Vergleich von Offshore-Krandtypen
Haupttypen von Offshore-Kranen
Offshore-Kranen werden basierend auf ihrer Boom-Geometrie und ihrem Luffmechanismus in mehrere Kategorien eingeteilt:
- Knickbaumkrane — der häufigste Typ auf Offshore-Plattformen und Versorgungsschiffen. Der Ausleger hat ein Kugelgelenk (Knick), das es dem Ausleger ermöglicht, sich zum Verstauen zu falten. Kapazitäten von 5 bis 300+ Tonnen. Hersteller sind Liebherr, NOV (National Oilwell Varco) und Palfinger.
- Starrausleger-Krane (Festausleger) — ein gerader Ausleger ohne Kugelgelenk. In der Regel höhere Tragfähigkeit und größere Reichweite als Knickbaumkrane. Wird für schwere Lasten und Bauarbeiten verwendet. Gebräuchlich auf halbgetauchten Kranenschiffen (SSCV).
- Hubzylinder-Luffkrane — der Auslegerwinkel wird durch einen Hydraulikzylinder anstelle eines Stahlseils gesteuert. Ermöglicht präzises Laden und ist auf Jack-up-Bohrplattformen und Bohrtürmen verbreitet. Favell, SMST und Huisman stellen diese her.
- Sockelbasis-Krane — eine allgemeine Kategorie für Krane, die auf einem festen Sockel montiert sind und jeden Auslegertyp verwenden können. Der Sockel ermöglicht eine vollständige 360°-Drehung.

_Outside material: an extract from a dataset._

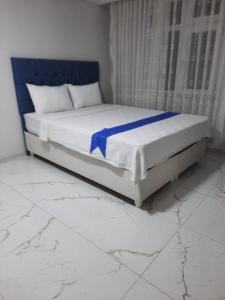 Ένα ή περισσότερα κρεβάτια σε δωμάτιο στο sanita otel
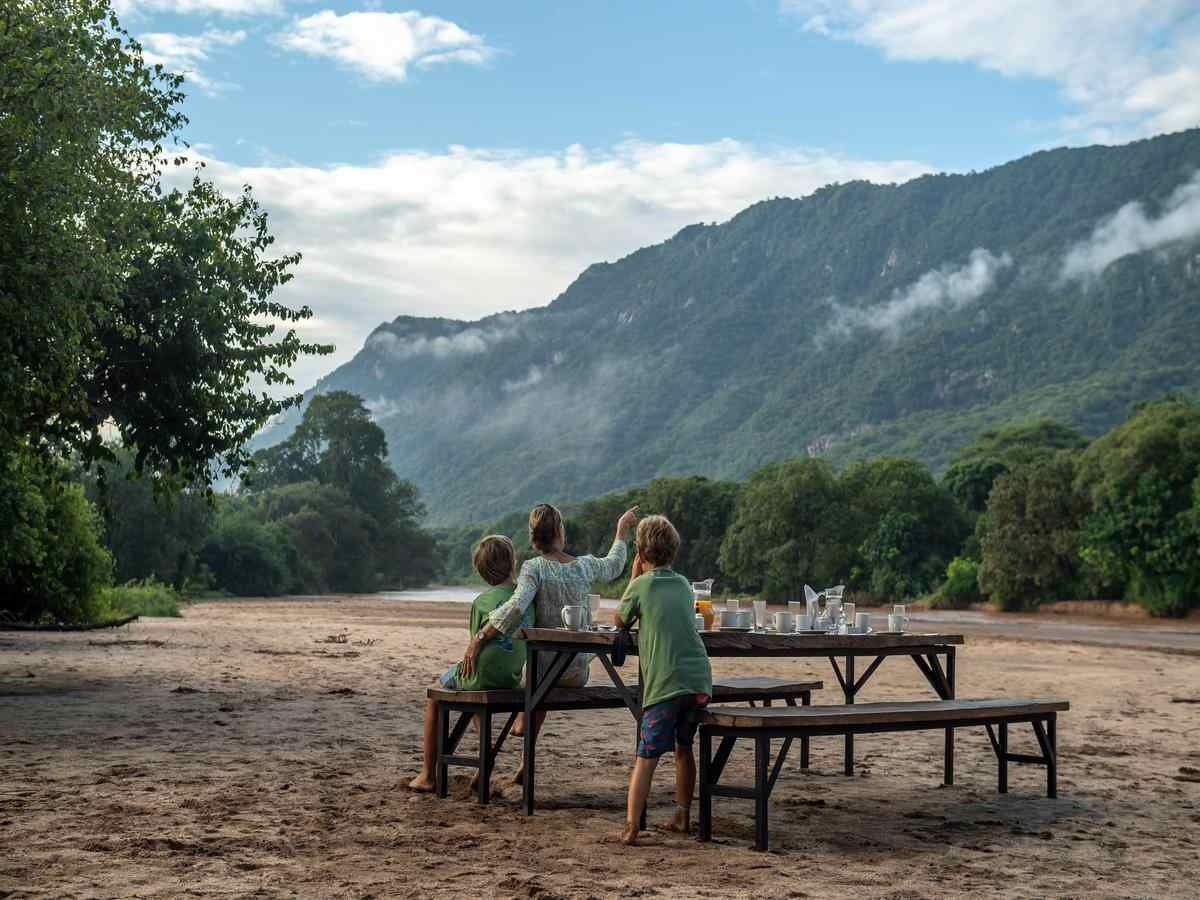 A woman and two young children are seen from the back, sitting on a wooden picnic bench, eating breakfast while looking at views of the forested rift and peaks that surround them.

Wie der Kranentyp die Heave-Kompensation beeinflusst
Der Kranentyp beeinflusst die Anforderungen zur Heave-Kompensation auf mehrere Weisen:
Auslegerstärke: Ein steiferer Ausleger überträgt mehr Heave des Schiffs auf die Kranspitze und erhöht somit den dynamischen Verstärkungsfaktor. Starrausleger-Krane auf schwimmenden Schiffen profitieren in der Regel mehr von der Heave-Kompensation als Knickbaumkrane, die eine gewisse inhärente Nachgiebigkeit im Kugelgelenk haben.
Stahlseillänge: Längere Stahlseilstrecken wirken wie Federn und ändern die Eigenfrequenz des Hebetors. Resonanz zwischen der Wellenperiode und der Systemeneigenperiode muss vermieden werden — ein Heave-Ausgleich verschiebt die Eigenperiode weg von typischen Wellenprioden.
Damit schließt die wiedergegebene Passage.